* Exercise goal
Retype each line of the listing below, word for word.

*** Recorded data Section Begins ***

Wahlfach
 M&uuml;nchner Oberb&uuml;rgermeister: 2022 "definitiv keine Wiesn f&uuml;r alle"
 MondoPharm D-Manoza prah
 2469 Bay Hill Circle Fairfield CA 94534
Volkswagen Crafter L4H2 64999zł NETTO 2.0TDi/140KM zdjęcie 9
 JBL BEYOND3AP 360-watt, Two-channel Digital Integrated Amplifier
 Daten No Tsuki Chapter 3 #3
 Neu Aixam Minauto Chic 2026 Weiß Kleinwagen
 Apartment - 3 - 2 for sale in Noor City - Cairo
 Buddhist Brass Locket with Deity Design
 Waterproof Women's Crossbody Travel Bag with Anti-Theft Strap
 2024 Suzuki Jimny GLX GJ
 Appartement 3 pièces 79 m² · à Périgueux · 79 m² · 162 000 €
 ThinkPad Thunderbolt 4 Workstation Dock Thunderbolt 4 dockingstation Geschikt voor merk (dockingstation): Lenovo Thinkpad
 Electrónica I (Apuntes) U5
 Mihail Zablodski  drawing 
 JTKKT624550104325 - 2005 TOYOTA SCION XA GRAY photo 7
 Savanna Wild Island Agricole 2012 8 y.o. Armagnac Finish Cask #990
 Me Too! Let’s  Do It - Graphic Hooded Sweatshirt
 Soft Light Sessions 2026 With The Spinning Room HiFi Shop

*** Recorded data Section Ends ***

* Answer
Wahlfach
 M&uuml;nchner Oberb&uuml;rgermeister: 2022 "definitiv keine Wiesn f&uuml;r alle"
 MondoPharm D-Manoza prah
 2469 Bay Hill Circle Fairfield CA 94534
Volkswagen Crafter L4H2 64999zł NETTO 2.0TDi/140KM zdjęcie 9
 JBL BEYOND3AP 360-watt, Two-channel Digital Integrated Amplifier
 Daten No Tsuki Chapter 3 #3
 Neu Aixam Minauto Chic 2026 Weiß Kleinwagen
 Apartment - 3 - 2 for sale in Noor City - Cairo
 Buddhist Brass Locket with Deity Design
 Waterproof Women's Crossbody Travel Bag with Anti-Theft Strap
 2024 Suzuki Jimny GLX GJ
 Appartement 3 pièces 79 m² · à Périgueux · 79 m² · 162 000 €
 ThinkPad Thunderbolt 4 Workstation Dock Thunderbolt 4 dockingstation Geschikt voor merk (dockingstation): Lenovo Thinkpad
 Electrónica I (Apuntes) U5
 Mihail Zablodski  drawing 
 JTKKT624550104325 - 2005 TOYOTA SCION XA GRAY photo 7
 Savanna Wild Island Agricole 2012 8 y.o. Armagnac Finish Cask #990
 Me Too! Let’s  Do It - Graphic Hooded Sweatshirt
 Soft Light Sessions 2026 With The Spinning Room HiFi Shop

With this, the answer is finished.